Online Business Checking Accounts vs. In-Person Banks

Traditionally, many small business owners have used a local bank for their business checking account, and many open an account at the same bank where they have their personal checking account. But that’s not always necessary, or even desirable.

There are times when choosing a bank with in-person branches can make sense. If you operate a business that accepts a lot of cash payments, the ability to make cash deposits safely and conveniently as soon as possible will be important. You may feel comfortable choosing a bank with multiple locations in your area, or at least one branch near you.

For many business owners, though, banking locally isn’t necessary. Mobile check deposit, online payments and robust ATM networks can make it easy to bank from anywhere.
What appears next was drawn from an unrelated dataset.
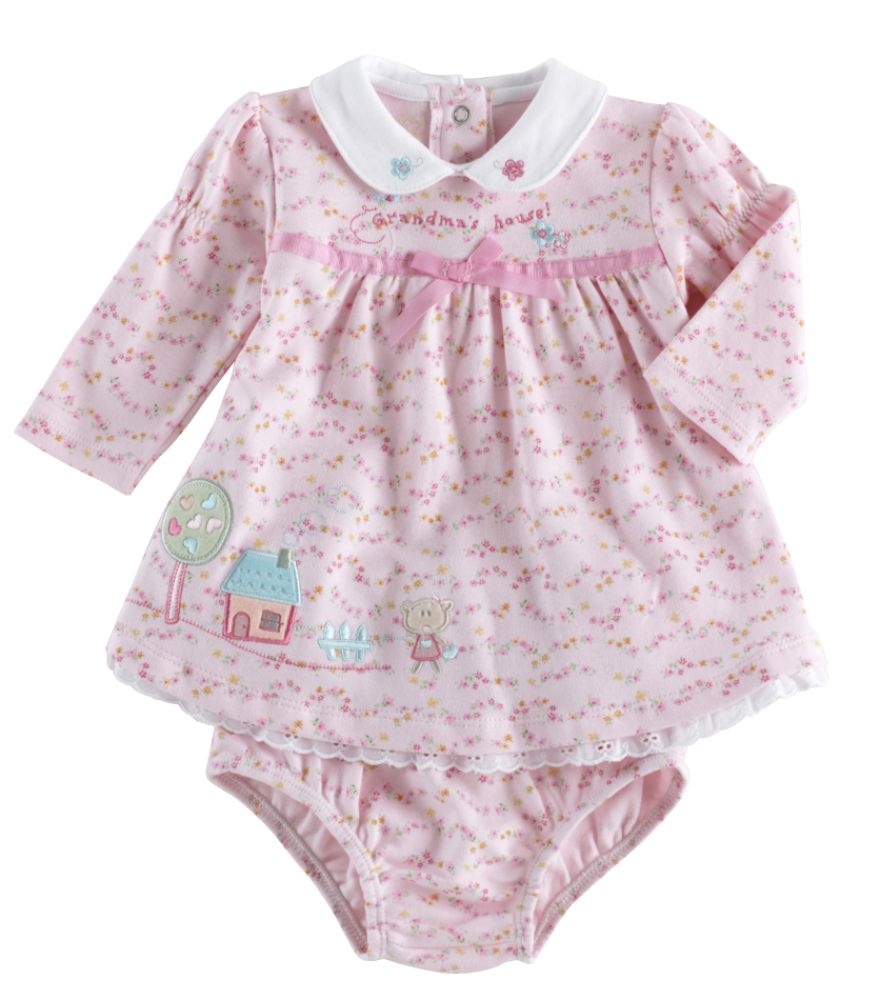 Lemon Frog Dress Set, 2 piece with Panty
Online bank accounts can offer flexible, mobile banking that allows the business owners to quickly accomplish their banking tasks anywhere, anytime. And the cost savings of not having physical branches often means lower costs for the account holder.

If you’re used to doing business online or on your phone, your bank account should be just as flexible.

Requirements to Open a Business Checking Account

One hurdle that stops business owners from opening a business checking account is simply getting around to it. (Half of respondents in Nav’s Business Banking Survey said they want to open a business bank account but haven’t gotten around to it!) 

If you are procrastinating on this crucial task, move it to the top of your list. There are some key pieces of information you’ll want to have on hand:

Personal information

Even though you’re opening a business checking account, federal law requires banks to verify individual customer’s identities to detect money-laundering, terrorism and other nefarious acts. To do that, they will need your name, address, date of birth, and Social Security Number or Individual Taxpayer Identification Number (ITIN). You may have to provide a copy of your driver’s license or passport as well.

If there are other people who own at least 25% of the business, they may need to verify their identity as well.

Business information

If you are operating as a sole proprietor, you may be able to simply provide your Social Security number as the business tax identification number. 

If your business is incorporated, you will need to provide your Employer Identification number (EIN). (Note that sole proprietors may also request a free EIN from the IRS.) 

You may also need the following, depending on the bank’s requirements. These requirements do not apply to all businesses:

  • A mobile phone number with a major US carrier,
  • Articles of incorporation
  • Resolution of authority to open the account
  • Fictitious name certificate (“DBA” or Assumed Name)
  • Business license
  • Partnership agreement
  • Industry (SIC or NAICS code)

A couple of important caveats worth noting. Some businesses in specific industries may find it harder to open a business checking account. Examples include adult entertainment, cannabis, cryptocurrency, gambling and gaming. In addition, some banks and credit unions restrict specific industries. 

Also be prepared for credit checks. Not all banks require credit approval, but some will conduct a personal credit check, a credit check with speciality credit reporting agencies such as Chexsystems or Telecheck and/or a business credit check. (The personal credit check may be a soft credit check that doesn’t affect your credit scores: be sure to check if you are concerned about inquiries.)

Do You Need an LLC to Open a Business Checking Account?

No you do not need an LLC to open a business checking account. While some banks will only offer business checking accounts to incorporated businesses, there are plenty that will allow someone without an LLC or other type of corporation to open an account. In other words, freelancers, independent contractors and those with side gigs are welcome.

How the Right Business Checking Account Can Benefit Your Small Business

Whatever you do, open a business checking account as soon as possible and use it exclusively for business transactions. That step alone will be helpful as you grow your business.

Taking the time to choose the right business checking will save you time and money, and ultimately make it easier to successfully manage your business finances. Your business is too important to leave this to chance.